Robert Tonkinson est un des premiers anthropologues océanistes à avoir souligné l’importance de la réinvention des cultures traditionnelles. On lui doit, ainsi qu’au regretté Roger Keesing, d’avoir placé les "politiques de la tradition" au cœur de l’étude des phénomènes de changement culturel et politique dans la région. Son chapitre fait le point sur la situation de la revendication aborigène après la reconnaissance par le droit australien de l’existence de droits fonciers indigènes. Il se donne pour objet d’exposer, dans le contexte nouveau marqué par la promulgation en 1993 du Native Title Act, toute la diversité des perspectives (et des stratégies) aborigènes actuelles concernant les questions identitaires.

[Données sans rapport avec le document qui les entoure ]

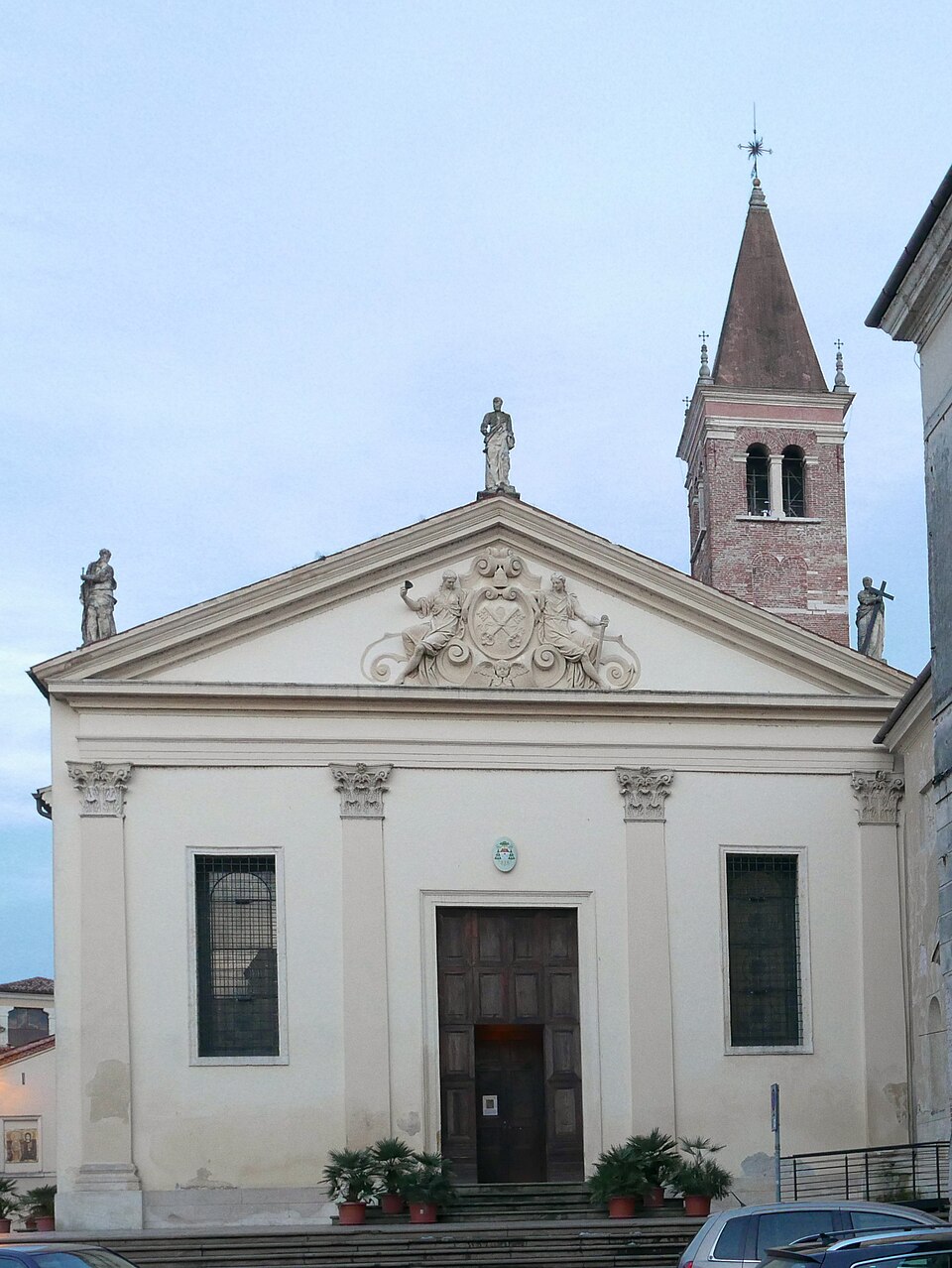 chiesa di San Pietro Apostolo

La contribution d'Alain Babadzan ne traite guère de l’Océanie. Il est apparu en effet nécessaire d’effectuer un travail préalable de clarification. L'auteur commence par présenter les enjeux des controverses théoriques sur l’invention des traditions, qui à bien des égards sont homologues aux enjeux des débats sur l’ethnicité en Océanie. Il aborde ensuite la question des ruptures et des continuités entre les productions culturelles pré-modernes et les traditions inventées, en réexaminant au passage le sens à donner à la notion de traditionalisme, avant d’atteindre le cœur de son argument et de caractériser tout ce que doit à la modernité le rapport nouveau à la culture et aux traditions instauré par les nationalismes culturalistes. Alain Babadzan espère que ce détour par l’examen de faits culturels proprement occidentaux permettra de donner sens à un ensemble de phénomènes locaux que l’anthropologie n’a été que trop tentée d’interpréter comme l’affirmation d’une spécificité, et la revendication d’une différence.